Yes, I have some reviews there as well - three of them this time, all grouped together in the Classic Corner section of the newsletter. If you haven't visited yet, use one of the links. It's free, and you're almost certain to find a new mystery and/or new author who would appeal to you. Please give it a try!
Dorothy Salisbury Davis is a first-rate American author - one who, happily, is nearing her 98th birthday. The e-book publishers at Open Road Integrated Media just announced that 22 books by Davis - 21 novels and an anthology of short stories - are being made available as e-books.

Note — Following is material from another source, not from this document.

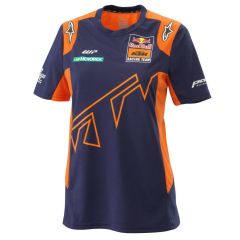 KTM Replica Team T-shirt Dam Blå/Orange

I am not all that familiar with Davis's work - much of it done in the 1950s and 1960s - but she is very widely regarded as one of the leading American mystery writers, having received the Grand Master Award from the Mystery Writers of America, not to mention lifetime achievement Anthony and Agatha awards from Bouchercon and Malice Domestic respectively.
The one work of hers that I have read recently is the short story "Lost Generation," which was included in Sarah Weinman's recent anthology, Troubled Daughters, Twisted Wives. It is a profoundly disturbing and powerful story, and I do recommend it. I believe it is also contained in the anthology, Tales of a Stormy Night, which is one of the books being republished by Open Road. You can find most of them on her Open Road author page.
I have said many times that one of the things I hope will be accomplished by the widening availability and acceptance of e-books is the return to "print" of a great many fine authors in all mystery genres, for the enjoyment of a new generation of readers. It's a goal I'm happy to see being achieved by Open Road.
TomCat, a.k.a. Last Century Detective, who blogs at Beneath the Stains of Time, has posted a first-rate rant about the sorry state of too much academic discussion about detective fiction. The title of the post, appropriately enough, is The Problem of the ivory Tower, and I commend it to you - it is well-written and makes, I think, some excellent points about the too-often slovenly way some researchers look at Golden Age mysteries in particular. There's also a lively discussion under way at that post, and I invite you to join in.
By the way if Beneath the Stains of Time isn't on your regular visiting list...it should be...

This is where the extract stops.